Remember, you’re only able to work in Australia if you have a current and valid working visa. If you are unsure which visa is the right one for your circumstance, or are unsure about how to obtain a visa, AA Education Network are happy to help and assist you with an inquiries you have.
In Darwin, you’re able to enroll in courses such as English language, participate in a working holidays, as well as attend courses at University’s and TAFE Institutions. AA Education Network are eager to assist you through these different processes, and lend advice to you whenever you need it.
If you’ve decided Darwin is where you’d like to visit, you have endless options of work experience, backpacking, and studying.
For more information on how AA Education Network can help you, whether it be from VISA applications to selecting your courses, from travel insurance to booking your flights to Australia.
Darwin is the capital city of the Northern Territory, Australia. It is the least populous of Australia’s capital cities. Darwin provides an important link to South-east Asia. The city overlooks the harbour. Darwin and its surrounding areas have a tropical climate. The city has a mixture of different cultures with a laid-back lifestyle. Darwin has a diverse mixture of cultures and a laid-back lifestyle.
Darwin is home to Aquascene. This is located at Doctors Gully in the centre of Darwin. At Aquascene many fish come to be hand-fed. The fish come to the place during high tide.

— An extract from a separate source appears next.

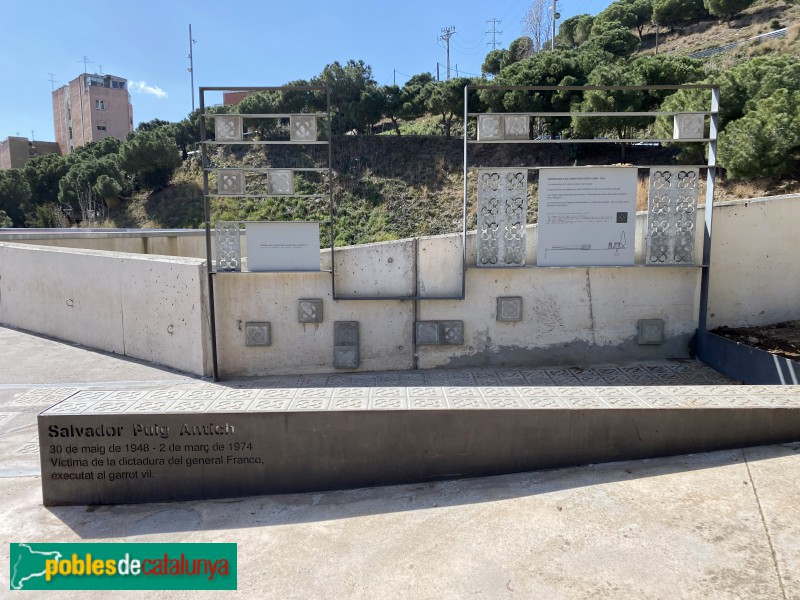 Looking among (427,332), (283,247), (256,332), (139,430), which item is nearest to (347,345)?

The Australian Aviation and Heritage Centre is open daily. It is home to a collection of Northern Territory’s aviation history. The centre has a B52 Bomber, Sabre jets and Huey Cobra helicopters. At the Darwin Wharf Precinct there is the Australian Pearling Exhibition. Visitors can learn about the pearling industry. They can also learn about the industry’s history.
In Darwin’s northern suburbs there is the Casuarina Coastal Reserve. Visitors can go for a walk on the beach; have a picnic, or see the sunset on the Dripstone Cliffs. A short drive from the city can take you to Charles Darwin National Park. It shows Darwin Harbour’s mangrove habitats. World War Two relics can also be observed.

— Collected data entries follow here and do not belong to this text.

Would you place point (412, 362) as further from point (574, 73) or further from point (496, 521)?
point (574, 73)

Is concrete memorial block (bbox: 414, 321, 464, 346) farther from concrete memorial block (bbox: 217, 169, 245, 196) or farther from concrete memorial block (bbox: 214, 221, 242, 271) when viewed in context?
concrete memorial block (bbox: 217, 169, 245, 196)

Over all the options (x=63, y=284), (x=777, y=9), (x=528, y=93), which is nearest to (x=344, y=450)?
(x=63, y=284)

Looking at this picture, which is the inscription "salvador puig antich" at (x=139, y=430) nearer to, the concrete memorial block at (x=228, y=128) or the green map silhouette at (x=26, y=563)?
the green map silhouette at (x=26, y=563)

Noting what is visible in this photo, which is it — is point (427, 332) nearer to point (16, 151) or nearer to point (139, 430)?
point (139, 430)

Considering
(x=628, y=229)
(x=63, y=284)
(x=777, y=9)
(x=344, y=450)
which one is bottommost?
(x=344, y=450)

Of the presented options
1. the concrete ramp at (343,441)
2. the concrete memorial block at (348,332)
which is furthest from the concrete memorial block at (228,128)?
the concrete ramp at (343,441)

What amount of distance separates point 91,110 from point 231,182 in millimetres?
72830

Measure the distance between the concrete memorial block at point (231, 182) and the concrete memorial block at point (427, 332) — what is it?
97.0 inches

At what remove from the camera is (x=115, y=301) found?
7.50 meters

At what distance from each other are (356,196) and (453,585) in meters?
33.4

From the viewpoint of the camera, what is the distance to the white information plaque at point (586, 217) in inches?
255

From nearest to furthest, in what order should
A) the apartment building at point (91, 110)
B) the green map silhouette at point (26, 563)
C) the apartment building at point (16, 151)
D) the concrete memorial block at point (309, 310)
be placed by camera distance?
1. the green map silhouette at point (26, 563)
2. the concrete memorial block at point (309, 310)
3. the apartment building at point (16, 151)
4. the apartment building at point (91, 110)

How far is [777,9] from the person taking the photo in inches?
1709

At Darwin’s wharf precinct is Deckchair Cinema. It is the city’s only open-air cinema. People can come and watch movies under the night-time sky. The cinema has a variety of movies to be watched.
Darwin is home to Fannie Bay Gaol. This prison was opened in 1883. For about a century it was a major detention centre. Now it is one of Darwin’s historic sites. The George Brown Darwin Botanic Gardens displays the plant life of Northern Australia and other tropical habitats. Visitors can see coastal fore dunes, mangroves and open woodlands. The place is also home of the Wesleyan Church.
Tourists wanting to see and learn about marine life can go to the Indo Pacific Marine. It is Darwin’s only living marine environment centre. The centre is one of three exhibitions of its type in the world. Popular at this centre is the ‘coral reef by night’ program. The program’s popularity means it is important to book early. It is held on Wednesdays, Fridays and Sundays.